Please copy the listing that follows exactly, leaving out any pictures.

--

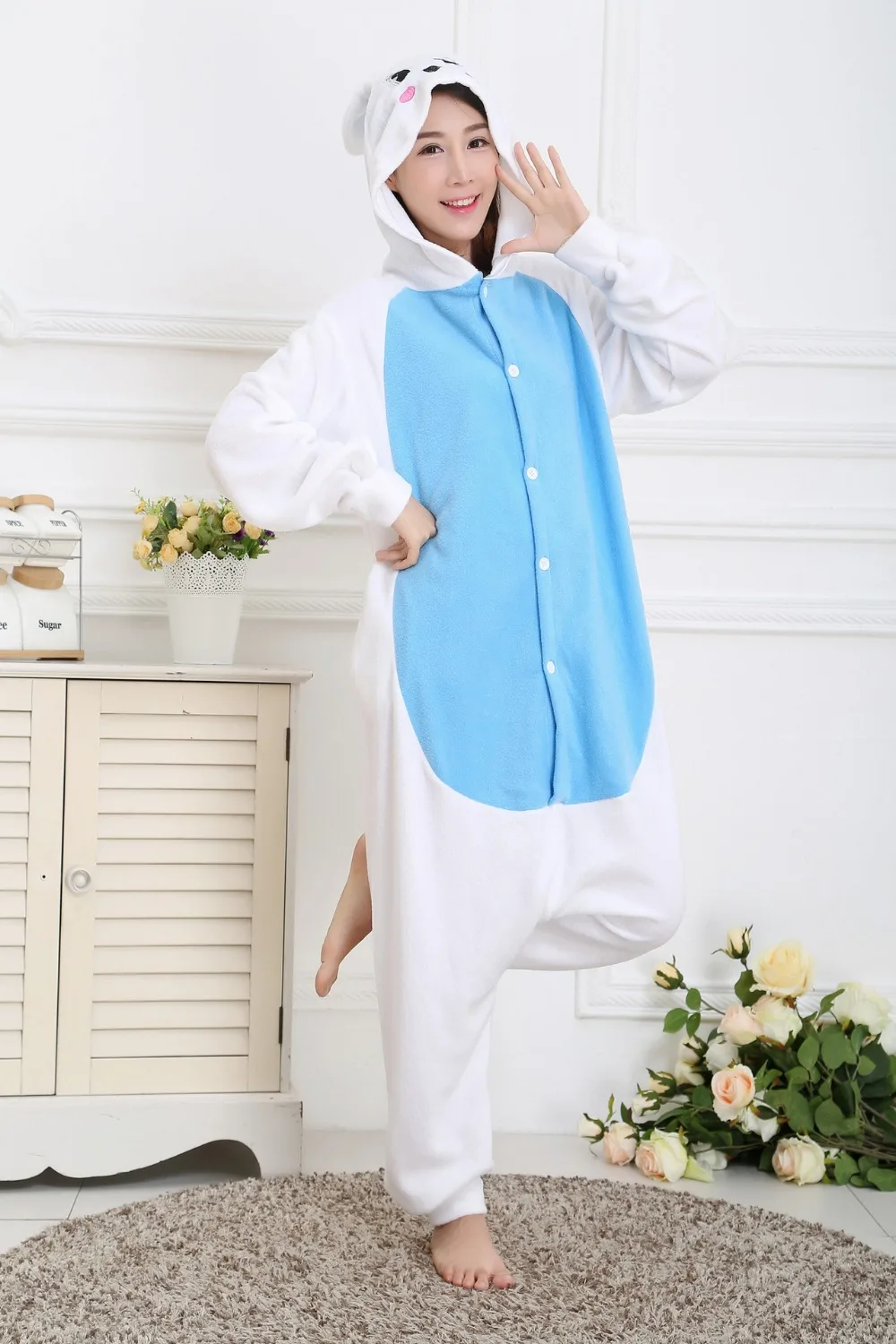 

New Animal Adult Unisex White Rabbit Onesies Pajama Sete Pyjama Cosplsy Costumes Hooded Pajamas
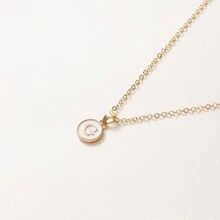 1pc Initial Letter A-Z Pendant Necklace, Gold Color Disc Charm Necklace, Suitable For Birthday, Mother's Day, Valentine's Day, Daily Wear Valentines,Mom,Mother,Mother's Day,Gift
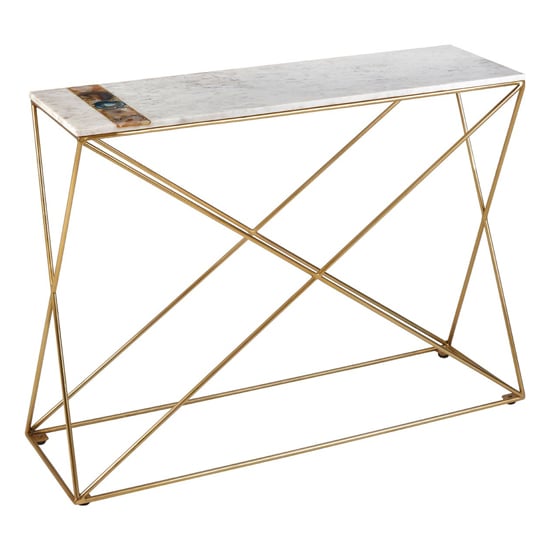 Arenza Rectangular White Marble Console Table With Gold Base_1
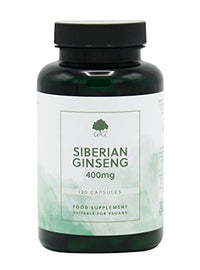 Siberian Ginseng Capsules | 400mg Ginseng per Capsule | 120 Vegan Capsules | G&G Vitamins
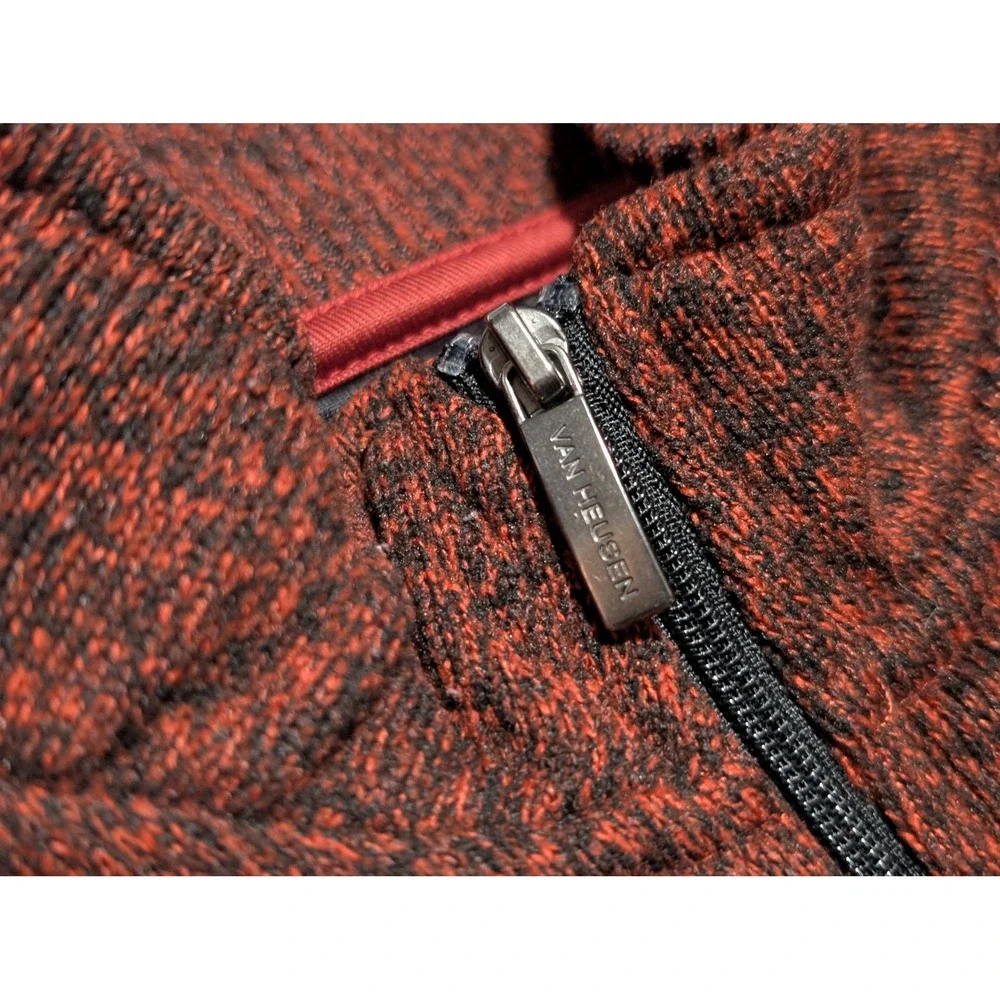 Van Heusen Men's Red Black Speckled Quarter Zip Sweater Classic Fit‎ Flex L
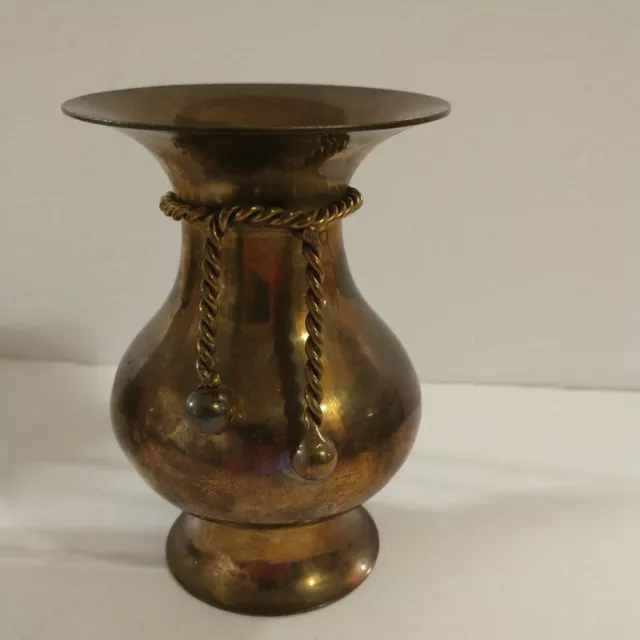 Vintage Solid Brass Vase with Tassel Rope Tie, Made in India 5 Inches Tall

--

Answer to this exercise:
New Animal Adult Unisex White Rabbit Onesies Pajama Sete Pyjama Cosplsy Costumes Hooded Pajamas
 1pc Initial Letter A-Z Pendant Necklace, Gold Color Disc Charm Necklace, Suitable For Birthday, Mother's Day, Valentine's Day, Daily Wear Valentines,Mom,Mother,Mother's Day,Gift
 Arenza Rectangular White Marble Console Table With Gold Base_1
 Siberian Ginseng Capsules | 400mg Ginseng per Capsule | 120 Vegan Capsules | G&G Vitamins
 Van Heusen Men's Red Black Speckled Quarter Zip Sweater Classic Fit‎ Flex L
 Vintage Solid Brass Vase with Tassel Rope Tie, Made in India 5 Inches Tall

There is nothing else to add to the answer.